### PROBLEM
The required output is a verbatim transcription of the listing, pictures excluded.

### THE DATA
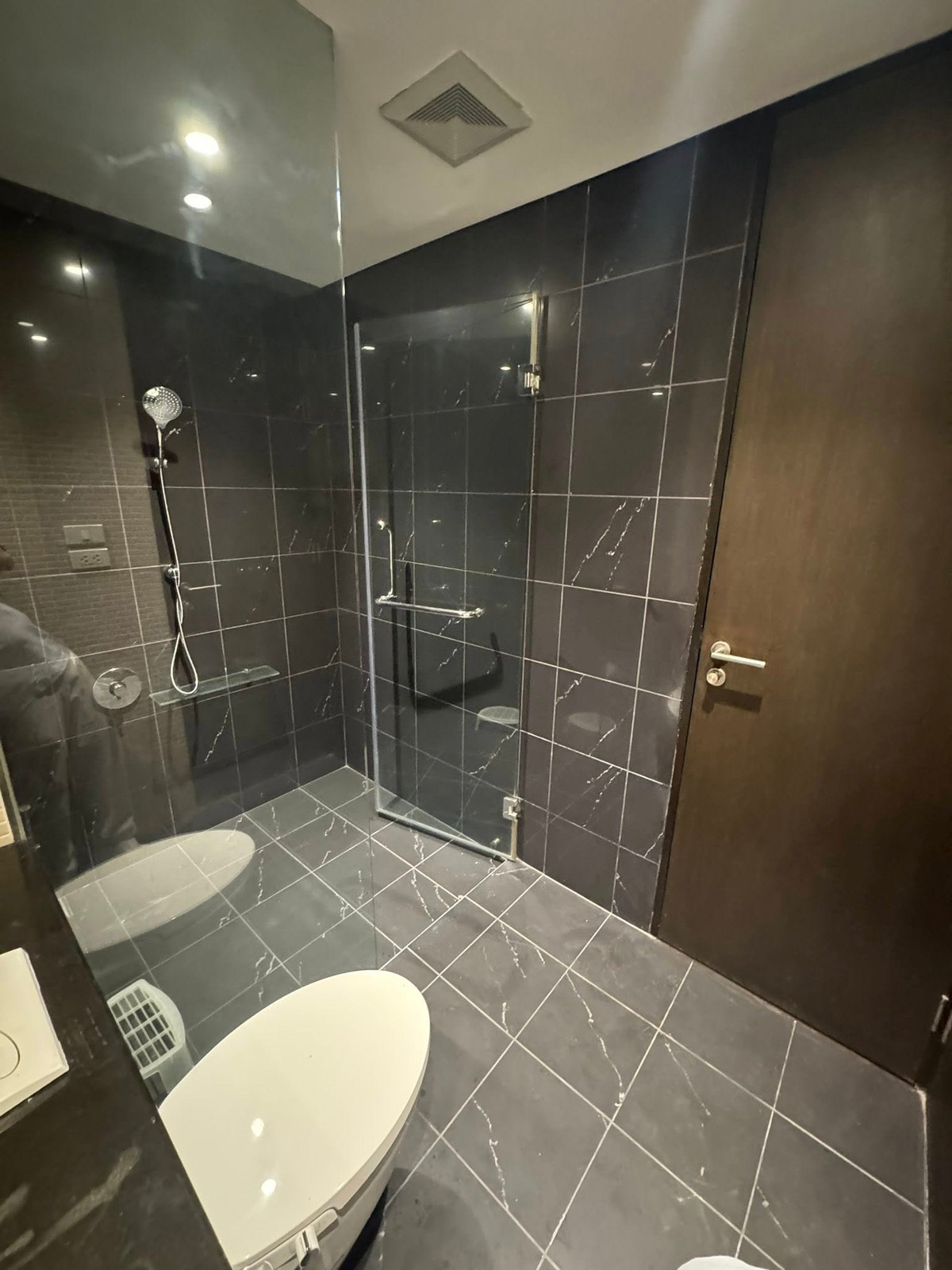 ขายคอนโดสุขุมวิท อโศก ทองหล่อ : Siamese Gioia Sukhumvit 31 / 2 Bedrooms (SALE WITH TENANT), ไซมิส จอยญ่า สุขุมวิท 31 / 2 ห้องนอน (ขายพร้อมผู้เช่า) NA030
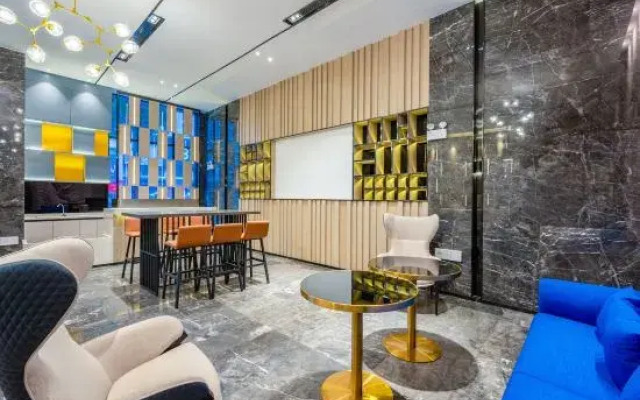 Echarm Hotel (Huoju Kaifaqu Zhongshan Station)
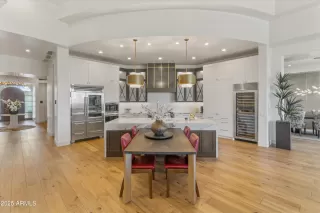 Photo #5: 6867739 Listing 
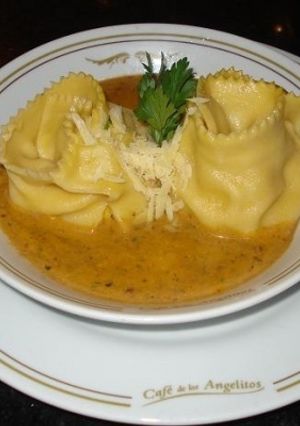 Una foto de Ravioles de calabaza y mozzarella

### ANSWER SPACE
 ขายคอนโดสุขุมวิท อโศก ทองหล่อ : Siamese Gioia Sukhumvit 31 / 2 Bedrooms (SALE WITH TENANT), ไซมิส จอยญ่า สุขุมวิท 31 / 2 ห้องนอน (ขายพร้อมผู้เช่า) NA030
 Echarm Hotel (Huoju Kaifaqu Zhongshan Station)
 Photo #5: 6867739 Listing 
 Una foto de Ravioles de calabaza y mozzarella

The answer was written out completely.